La loi relative à a délimitation des régions prévoit une nouvelle réduction du nombre des chambres régionales des comptes, qui passeront de 15 à 13, pour l’adapter à la carte des régions. Le Gouvernement sera attentif à ce que le coût de cette réforme soit supportable pour les juridictions financières.

À terme, grâce aux gains de productivité et aux économies d’échelle réalisés, les CRC pourront non seulement se montrer plus efficaces dans l’exercice de leurs missions traditionnelles, mais aussi atteindre la taille critique nécessaire pour remplir de nouvelles missions.

Je voudrais également saluer la gestion du Conseil économique, social et environnemental opérée sous la présidence de M. Jean-Paul Delevoye. Hors titre 2, le montant des crédits de paiement affectés à cette institution diminuera en 2016 de 2, 8 % par rapport à 2015, confirmant la tendance déjà observée en 2014. En 2016, 3 ETP seront supprimés. Je ne doute pas que le CESE poursuivra dans cette voie.

Vous aviez été nombreux à vous inquiéter, l’an dernier, de la situation de la caisse de retraite des anciens membres de cette institution. Sachez que le bureau du Conseil économique, social et environnemental a voté en 2015 une réforme importante visant à assurer la pérennité du régime en question au-delà de 2020, sans solliciter un concours supplémentaire de l’État.

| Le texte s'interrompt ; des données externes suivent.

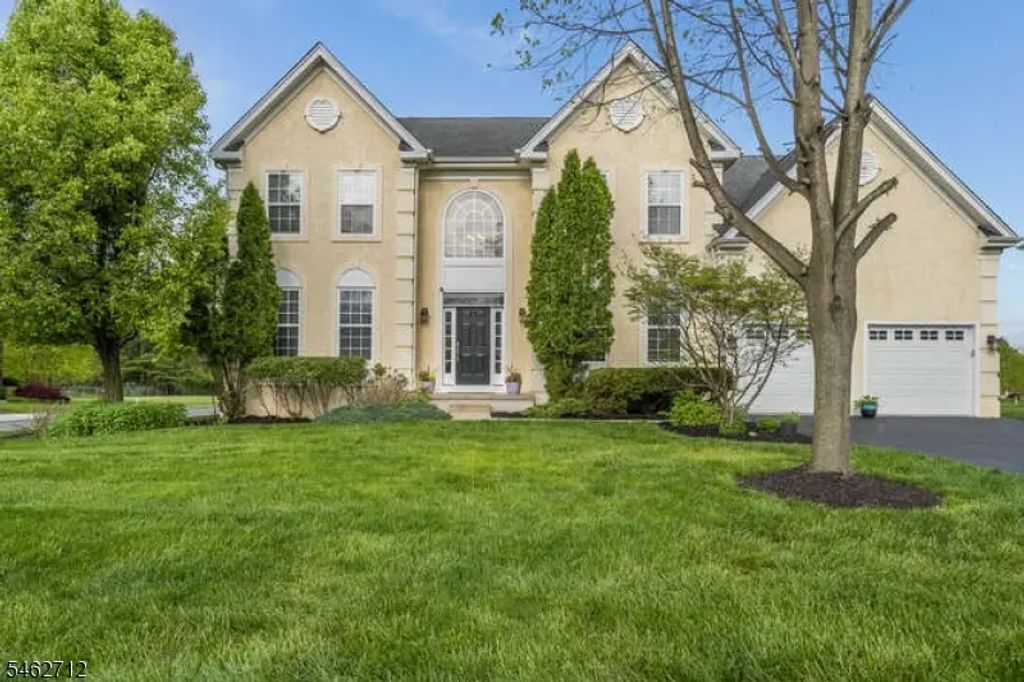 81 Crestview Dr, Clinton Twp.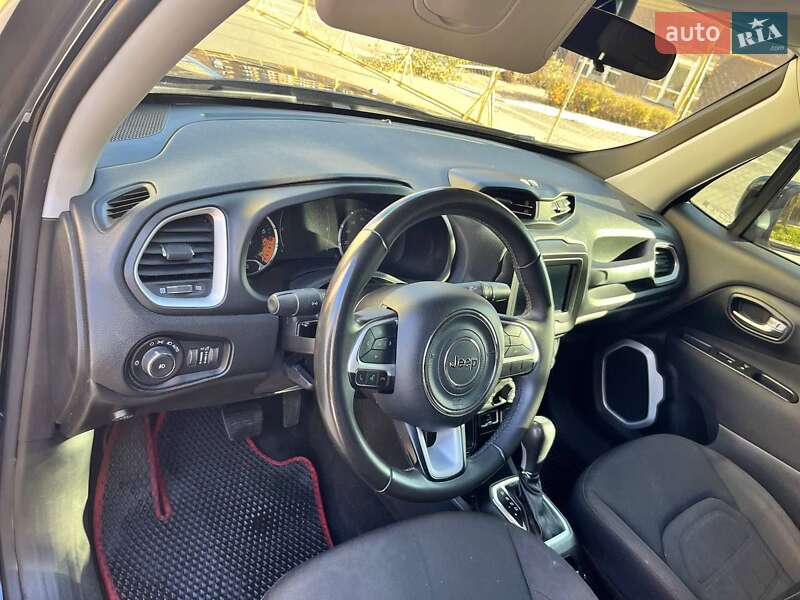 Внедорожник / Кроссовер Jeep Renegade 2018 в Ирпене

Comme l’a souligné M. le rapporteur général de la commission des finances, le Conseil économique, social et environnemental s’est engagé dans un cycle vertueux, notamment en valorisant le Palais d’Iéna pour financer la rénovation des bétons d’Auguste Perret, qui figurent parmi ses très belles réalisations.

Je terminerai en disant quelques mots sur le Haut Conseil des finances publiques. Comme vous l’avez indiqué, monsieur le rapporteur général, les faibles crédits du Haut Conseil ne lui donnent qu’une place marginale dans l’architecture de la mission. Un rattachement au programme des juridictions financières, envisagé en commission des finances, mériterait d’être mûrement réfléchi.

Je rappellerai à votre assemblée qu’un programme ad hoc a été inscrit à l’article 22 de la loi organique du 17 décembre 2012 relative à la programmation et à la gouvernance des finances publiques par le vote d’un amendement de M. Philippe Marini : présidant à l’époque la commission des finances du Sénat, il avait ainsi souhaité donner au Haut Conseil « une dotation spécifique afin de souligner son indépendance matérielle et fonctionnelle. »

Ainsi se présentent, retracés à grands traits, mesdames, messieurs les sénateurs, les crédits de la mission « Conseil et contrôle de l’État », que le Gouvernement vous invite à adopter.